═════ Source records ═════

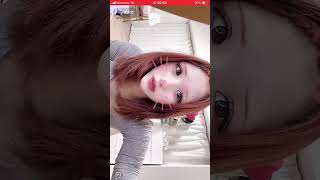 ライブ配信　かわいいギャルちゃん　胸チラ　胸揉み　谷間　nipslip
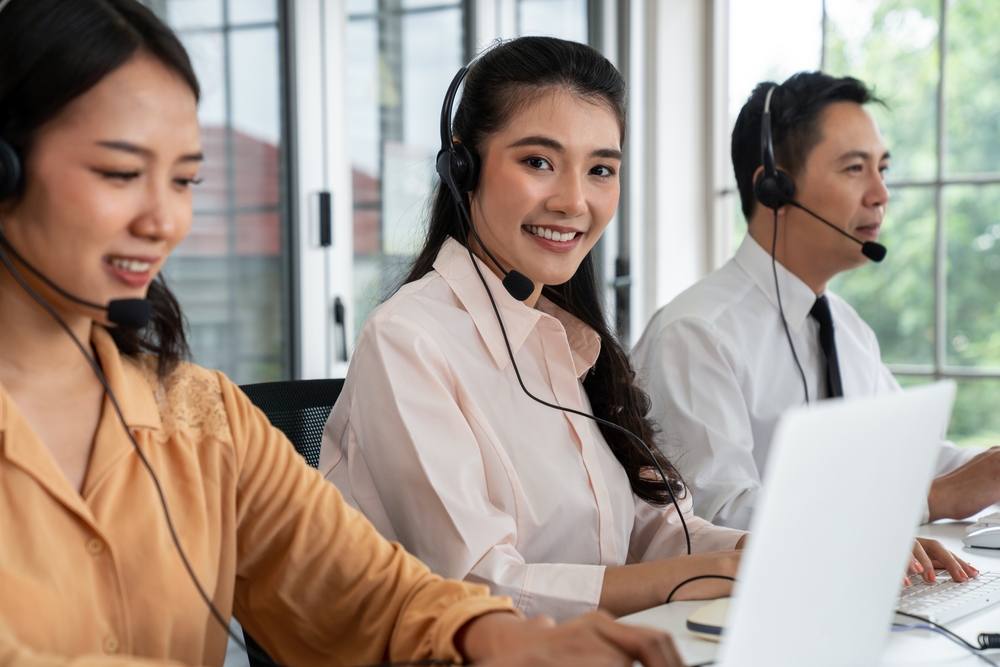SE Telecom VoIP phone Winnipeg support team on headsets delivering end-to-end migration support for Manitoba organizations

═════
═════ Source records ═════

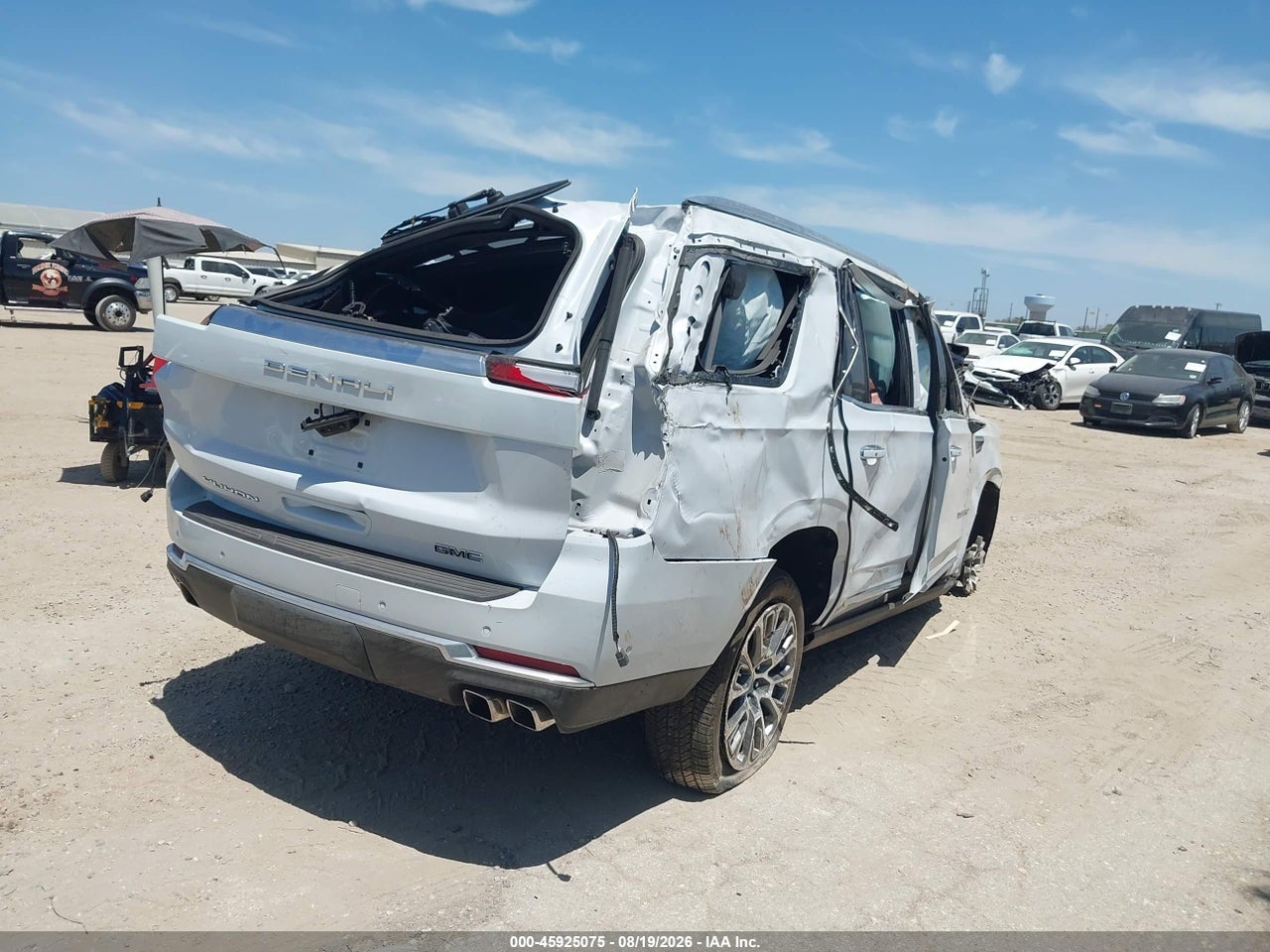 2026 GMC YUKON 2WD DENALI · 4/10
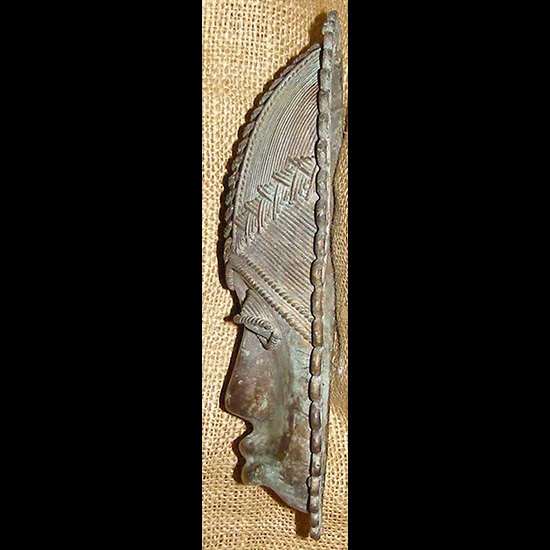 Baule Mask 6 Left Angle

═════
═════ Source records ═════

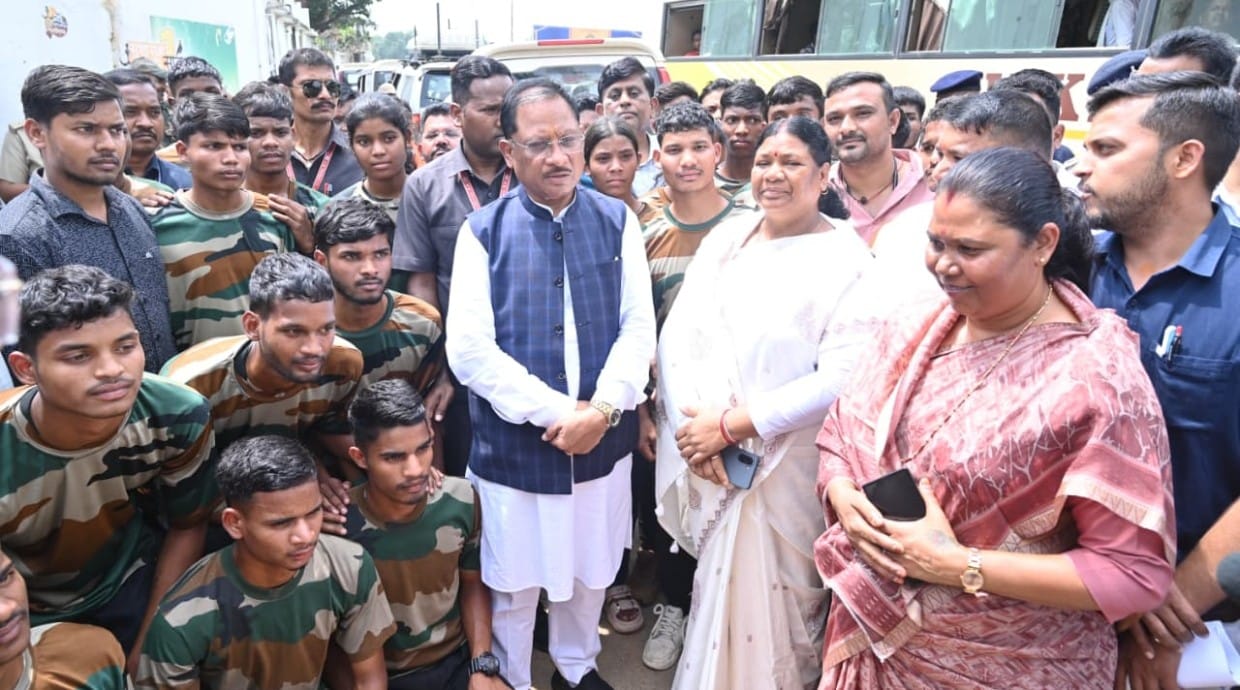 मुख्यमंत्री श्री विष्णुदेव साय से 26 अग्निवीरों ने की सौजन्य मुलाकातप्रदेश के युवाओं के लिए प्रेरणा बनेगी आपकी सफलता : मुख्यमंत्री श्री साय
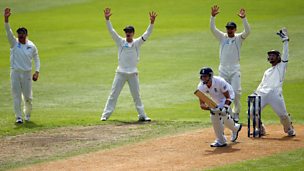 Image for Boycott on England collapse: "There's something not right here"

═════

--- Problem to work on ---
Among the lines above, the one with "मुख्यमंत्री श्री विष्णुदेव" opens the part to repeat and the one with "Image for Boycott" closes it; repeat only that part exactly, with no pictures.

--- Output below ---
 मुख्यमंत्री श्री विष्णुदेव साय से 26 अग्निवीरों ने की सौजन्य मुलाकातप्रदेश के युवाओं के लिए प्रेरणा बनेगी आपकी सफलता : मुख्यमंत्री श्री साय
 Image for Boycott on England collapse: "There's something not right here"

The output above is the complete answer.